天の海に 雲の波立ち月の舟 星の林に漕ぎ隠る見ゆ (柿本人麻呂 万葉集 第七巻1068)
大学院の研究会で、「日本人の心の故郷」とも呼ばれる奈良県・明日香村に行ってきました。今回は高松塚古墳,石舞台古墳,岡寺,飛鳥寺,水落遺跡と,古代の都・飛鳥を巡ってこころの深層を考えるフィールドワークです。
高松塚古墳は、極彩色の壁画が有名です。東西南北にはそれぞれ青竜、白虎、朱雀、玄武という四神が、すなわち方角・空間を司っている霊獣が豊かなイマジネーションによって描かれています。また上方の天井部分には日月星辰が描かれていることからも、この壁画は古代におけるコスモロジー(宇宙観)を象徴するものだといえるでしょう。
さらに、水落遺跡は「漏刻(ろうこく)」、つまり水を利用した「時計」が日本で初めて作り出された場所だそうです。ここにおいて私たちに「時間」という概念が生まれた、というわけです。今では当たり前の「時間」ですが、あるとき生み出され、作り出されたものであったというのは、とても興味深いですね。
これらの遺跡からは、古代日本において、この世における時空間という秩序が生み出され、形作られていった様子が垣間見られるようでありました。歴史的に言うと「中央集権国家とその制度の成立過程」ということになるのでしょうが、時空間の概念が定まっていくプロセスは精神史的な展開とも考えられるかもしれません。乳幼児には時間の見通しもなければ、生きている空間も限定的なのですから。
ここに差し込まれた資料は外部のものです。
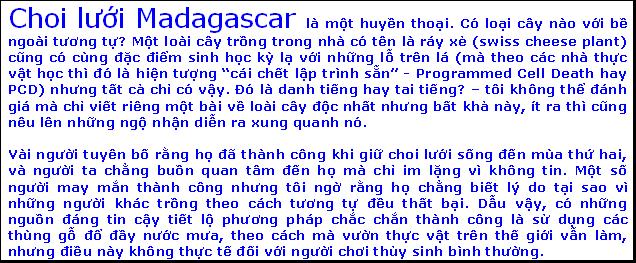 Thiết kế sân vườn, thiết kế sân vườn biệt thự, thiết kế sân vườn đẹp, sân vườn biệt thự, sân vườn sinh thái, biệt thự sinh thái, thiết kế sân vườn tiểu cảnh, thiết kế sân vườn cảnh quan, thiết kế hồ Koi, thiết kế hồ cá Koi, thiết kế hồ cá chép Nhật, thiết kế hồ cá chép rồng, thiết kế vườn treo, thiết kế vườn trên mái, thiết kế vườn nước, thiết kế vườn Nhật, thiết kế vườn khô, thi công sân vườn, thi công sân vườn biệt thự, thi công sân vườn đẹp, thi công sân vườn tiểu cảnh, thiết kế cảnh quan, thiet ke canh quan, thi công sân vườn cảnh quan, thiết kế tiểu cảnh, giếng trời, thiet ke tieu canh, gieng troi,  thi công tiểu cảnh, giếng trời,  thi công cảnh quan, thi công hồ Koi, thi công hồ cá Koi, thi công hồ cá chép Nhật, thi công vườn treo, thi công vườn trên mái, thi công vườn Nhật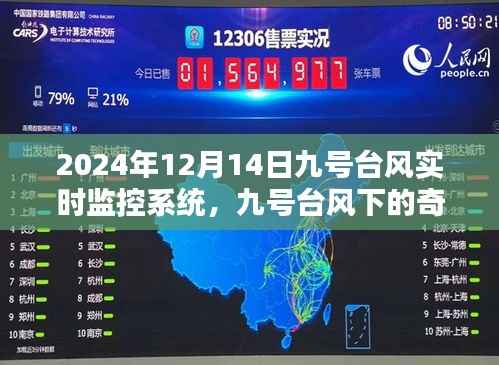 九号台风下的奇妙探险,实时监控系统记录与自然美景共舞的日子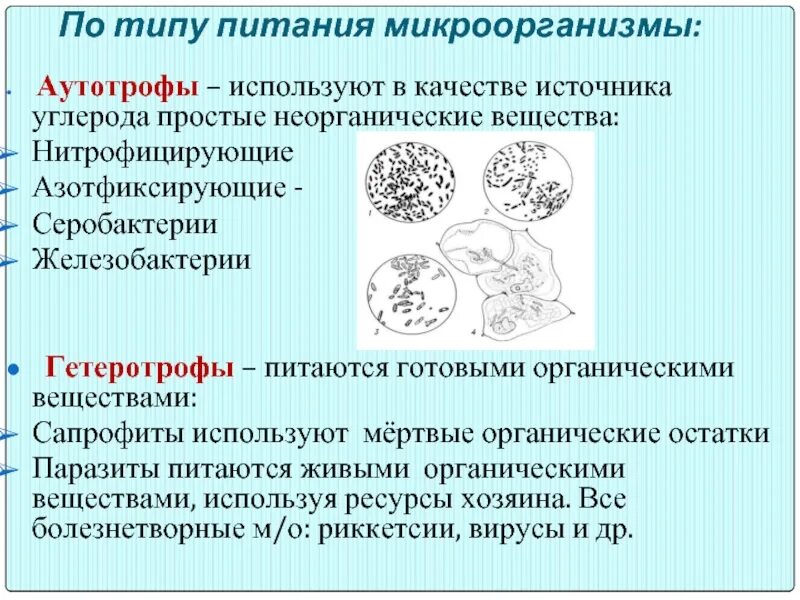 Бактерии использующие в качестве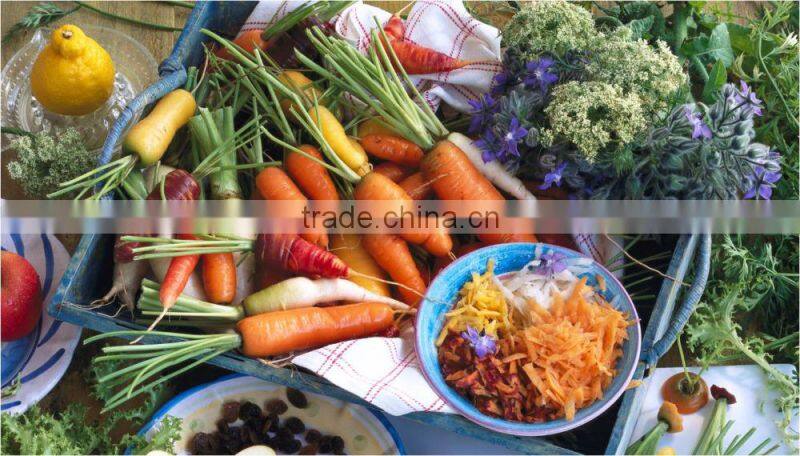 Food dryer with GS & ETL approves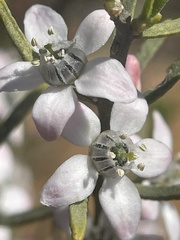 Zanthoxyloideae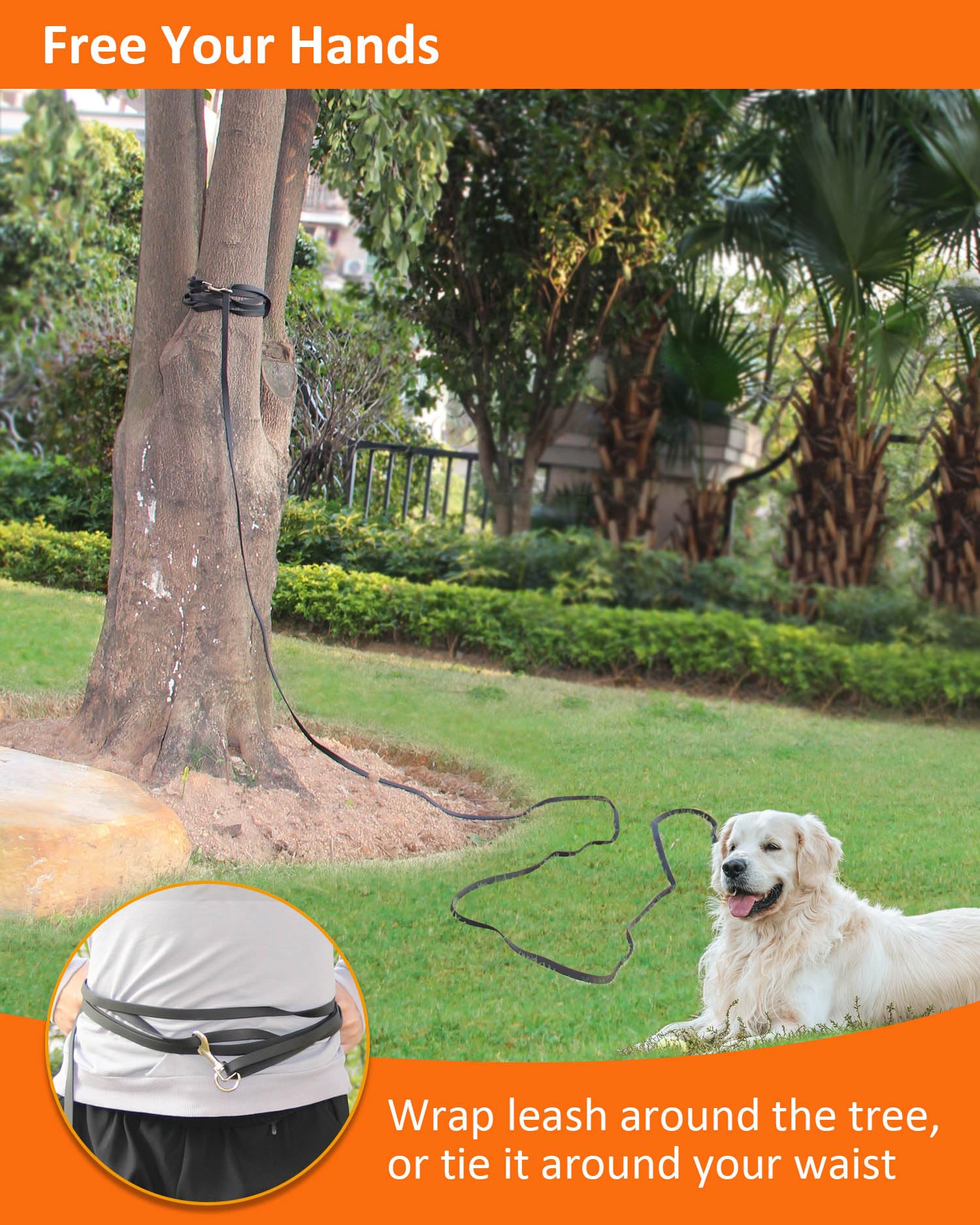 Waterproof Long Leash For Dogs Training 16Ft/30Ft/50Ft, Long Dog Leash Heavy Duty,Dog Lead For Large Medium Small Dogs Outside W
古代の都も、今はのどか。京都では住宅が所狭しとひしめきあっていますが、明日香村では家々の境界も薄く、空も土地も空気も時間の流れもゆったりとしているようです。
そのゆったりとした時間と空間の広がりとは対照的に、石舞台の中や、岡寺の「奥の院」である岩窟の中などに入ってみると、ぐっと雰囲気が濃密に変化するようです。その「奥の院」には弥勒像が安置されていました。弥勒菩薩は、京都・太秦にある広隆寺の半跏思惟像がとくによく知られていますが、はるか遠い未来において人びとをどのように救うべきか考えこんでいるのだと言われています。
籠る場所は、さながらカウンセリングルームのように、こころの内をのぞき込み、思惟することに適しているようです。岩窟の中でぼんやりしたあと、外に出て、ひんやりとした空気と水に触れますと、意識が現実に戻ったような気がします。籠ったあとは、こういう切り替えの仕掛けも大切なものでしょう。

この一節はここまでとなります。